If you use Apache Sparks to write your data pipeline, you may need to export or copy data from a source to destination, saving the partition folders between the source and the destination.
When I did an online research about doing this in spark, I learned very little lessons that offer an end-ending solution that worked-especially when the parties will be in deep nest and you will not know that the values ​​of these folders will take the values ​​(for example year=*/month=*/day=*/hour=*/*.csv
,
In this tutorial, I have provided a similar implementation using sparks.
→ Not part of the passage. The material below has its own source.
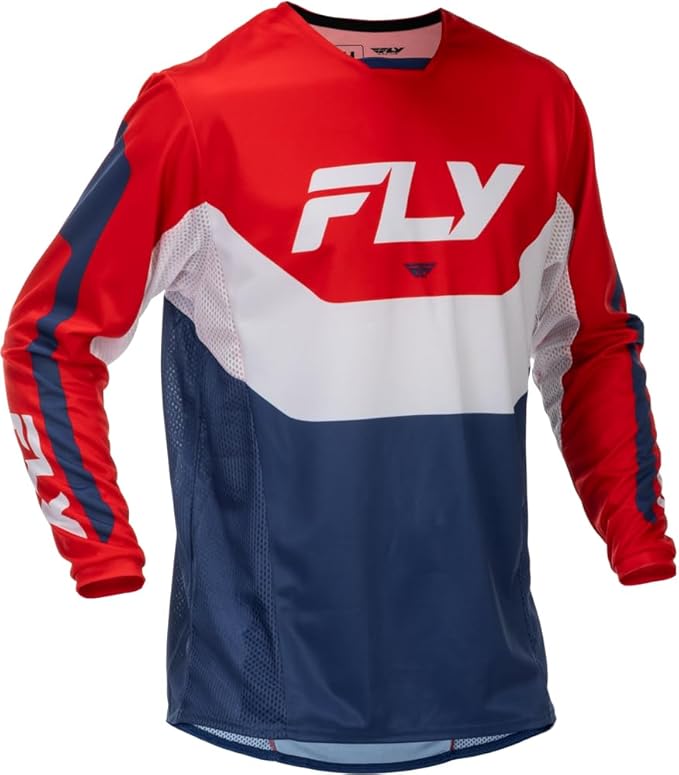 Jorgensen Powersports Red/white/Blue / Small Fly Racing 2026 Kinetic Jersey 379-422S 191361515422 Jorgensen Powersports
Here’s what we will cover is:
Bet
You also need a basic understanding of computing computing using a framework such as Hudop and Spark, as well as the code that is programmed in language -based language -based languages. The code is examined using dependent below:
Setup
I am assuming that you have a partition folder created on the source with the pattern below (which is a standard partition column that includes the date of date):
year/month/day/hour
Importantly, as I mentioned above, I am assuming that you do not know the full name of the folders – except that they have some permanent examples.
The liar begins
If you think about using
recursiveFileLookup
AndpathGlobFilter
During both reading and writing options, it does not work enough, as the actions mentioned above are only available on readers.If you think about reading and writing on the basis of a possible year/month/day/hour/hour, and if it has not been found related to a partition folder, it can be done, but it will not be more effective.
My solution
After finding some trials and mistakes and in stack overflow and spark documents, I targeted an idea to use his combination input_file_name()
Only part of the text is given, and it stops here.